Cercados pelo Chorume os homens gritavam desesperados e Daniel chorava ainda mais, suas lágrimas eram tantas que começaram a inundar o vidro do espelho antigo. Então, Sapeca parou de realizar a impossível tarefa de pegar a própria cauda e começou, primeiro, a latir para o espelho e depois, a lambê-lo. Daniel percebeu algo incrível no espelho: enquanto Sapeca o lambia ele não refletia a imagem do cachorrinho, mas mostrava uma bela e verdejante paisagem cheia de árvores. Sem acreditar, o menino apanhou o espelho e olhou diretamente nele; continuava não refletindo quem estava de frente para ele, só mostrava uma paisagem. Assustado, Daniel jogou o espelho para o lado. Quando o vidro do espelho ficou de frente para um monte de lixo, imediatamente, ramos começaram a surgir onde antes só havia coisa suja!

O cérebro de Daniel começou a fervilhar e ele teve uma grande ideia: apanhou o espelho e jogou-o sobre o Chorume que já subia acima da cintura de seu pai. De repente o líquido negro fedido começou a rugir de um jeito assustador. No momento seguinte, um lado daquele rio de substância negra que era o monstro começou a se transformar em ramos e flores enquanto a outra parte tentava voltar para o chão fugindo; mas não deu, a transformação feita pelo espelho foi tão rápida que todo o Chorume virou planta antes de conseguir fugir. O senhor João Antunes e outros funcionários da prefeitura estavam salvos! 

 Passados a tosse e o susto do pai, Daniel contou-lhe que o Chorume vinha do resto de alimentos e outros lixos domésticos. Falou também que foi graças ao Chorume que os bichinhos coloridos que se alimentavam de lixo tinham surgido. O pai disse a Daniel que se tinham acabado com as criaturinhas coloridas separando os diferentes tipos de lixo também começariam a separar os restos de alimentos para evitar que um novo monstro Chorume fosse criado. Seu João Antunes também quis saber sobre o incrível espelho mágico que o tinha salvo, mas ninguém foi capaz de encontrá-los em meio ao jardim que tinha surgido no lugar que antes era o Chorume.
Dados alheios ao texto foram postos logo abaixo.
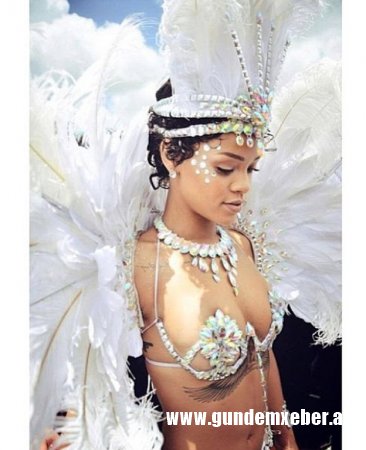Rihanna-nın karnaval geyimi sosial şəbəkələri az qala "çökdürüb"
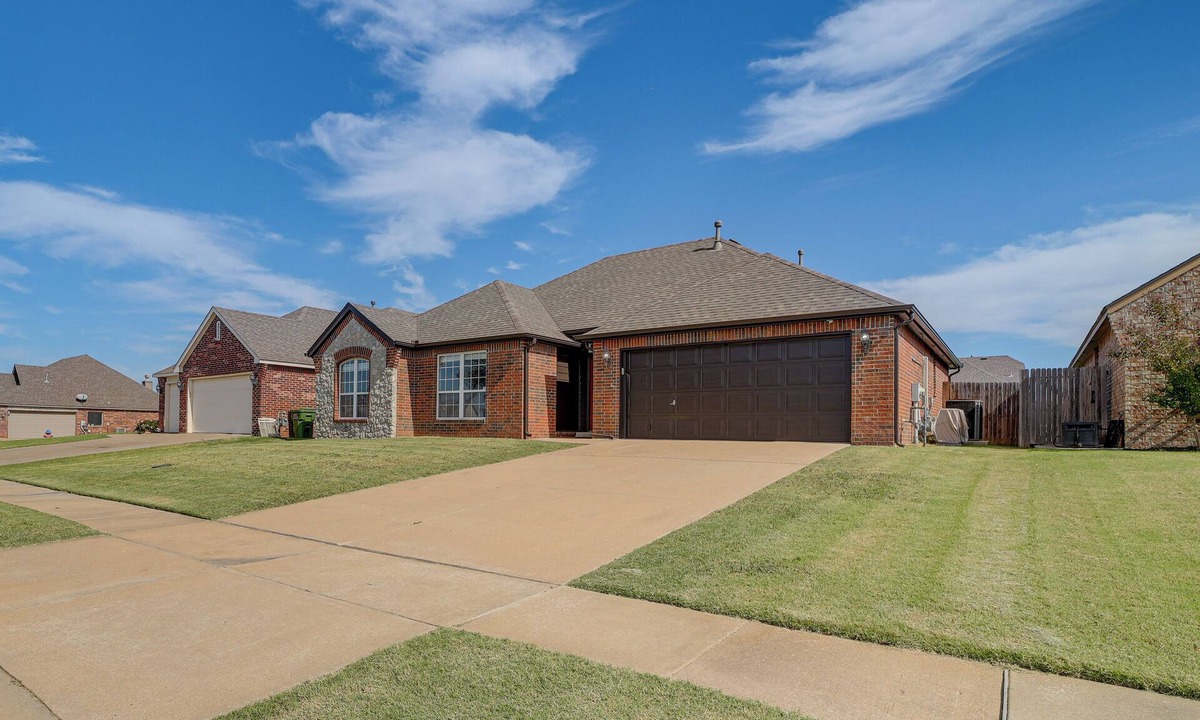 Broken Arrow House | Pool Access: Newly Remodeled House in Broken Arrow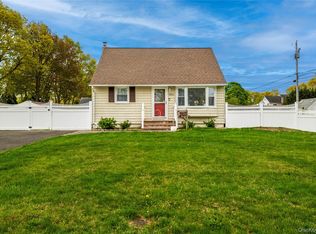532 Rockaway St, West Islip, NY 11795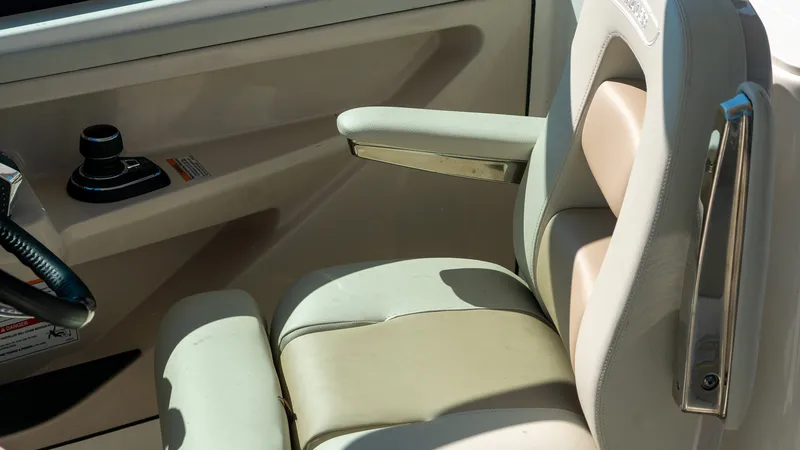 Slide: The Image of Boston Whaler 280 Vantage 2027 - 34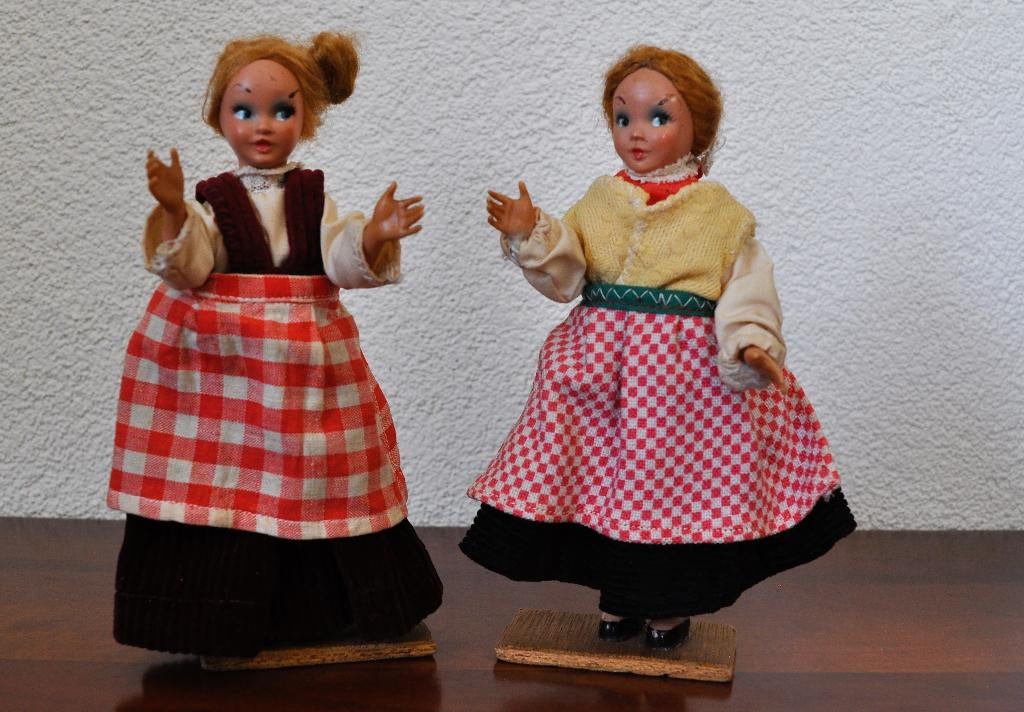 Oud Popje Pop 16 cm, Verzamelen, Poppen, Ophalen of Verzenden, Gebruikt, Pop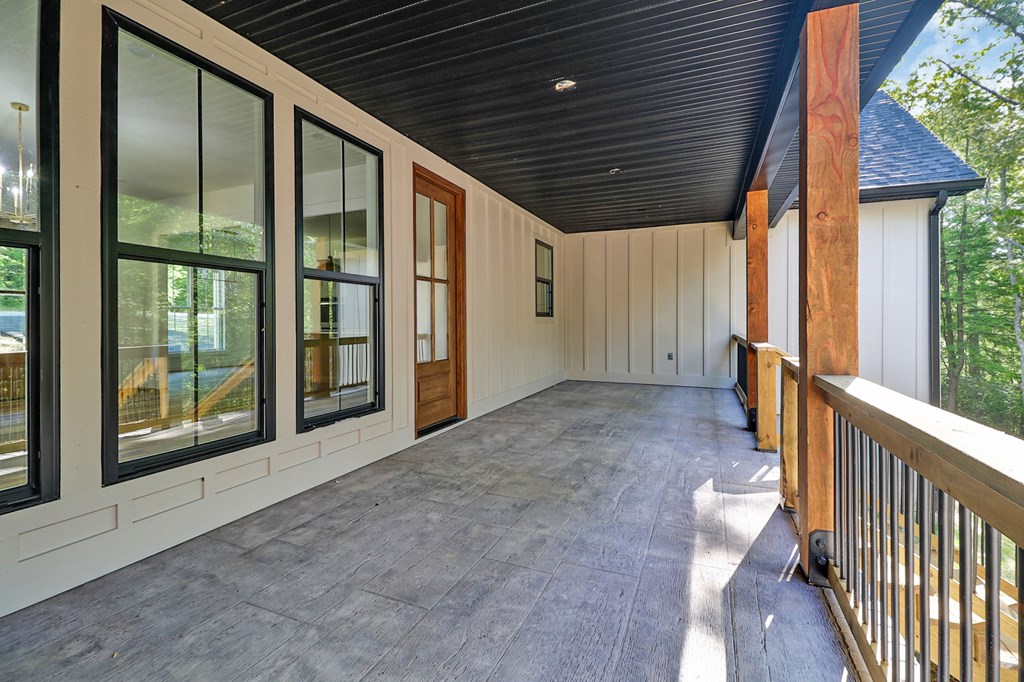 1452 Model Farm Rd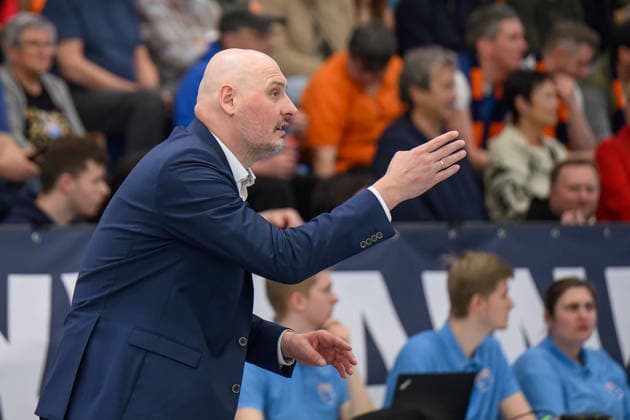 Przemyslaw Frasunkiewicz Rostock, Head Coach , Syntainics MBC vs Rostock Seawolves, Basketball, 1 Bundesliga, Men, 20 Matchday Main Round, Season 2025 26, 15 02 2026 Weißenfels Stadthalle Sachsen Anhalt Germany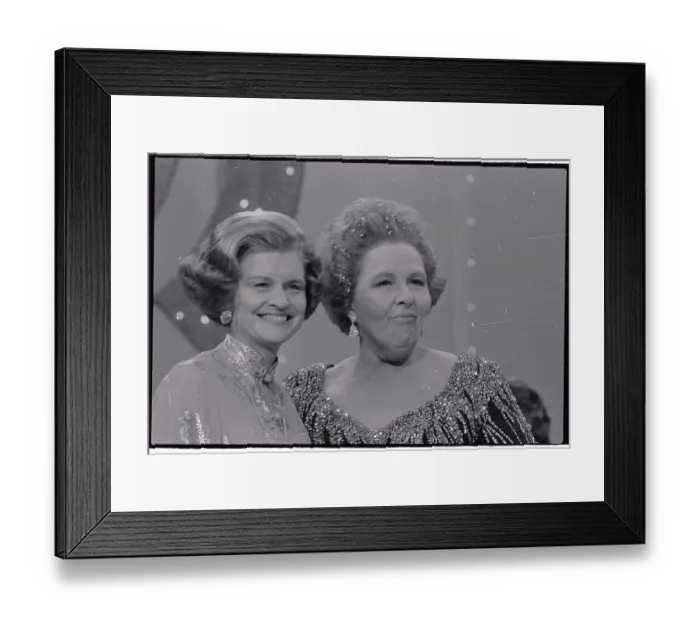 Framed Print : Kate and Betty Chat Framed Print : Kate and Betty Chat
O mais velho dos catadores de lixo disse que quando chegou ali ainda criança, há muitos anos, o lugar que hoje era o lixão tinha os mesmos tipos de plantas que o espelho criou.

Uma semana depois, o senhor Engenho voltou de suas palestras sobre cuidados com o lixo nas cidades da região. Já o prefeito de Flora do Sul ficou muito satisfeito com seu João Antunes e seus outros funcionários. Graças ao trabalho deles, menos árvores tiveram de ser cortadas na região; claro, os rios e lagoas também voltaram a ter sua aparência saudável. Outra coisa boa do trabalho deles foi que o lixão parou de aumentar de tamanho porque agora parte do lixo não ficava mais ali, era reaproveitado.

Já Daniel e Sapeca foram convidados pelo senhor Engenho para ajudá-lo em suas palestras sobre o lixo para as pessoas da região; afinal, aquela dupla sabia das coisas.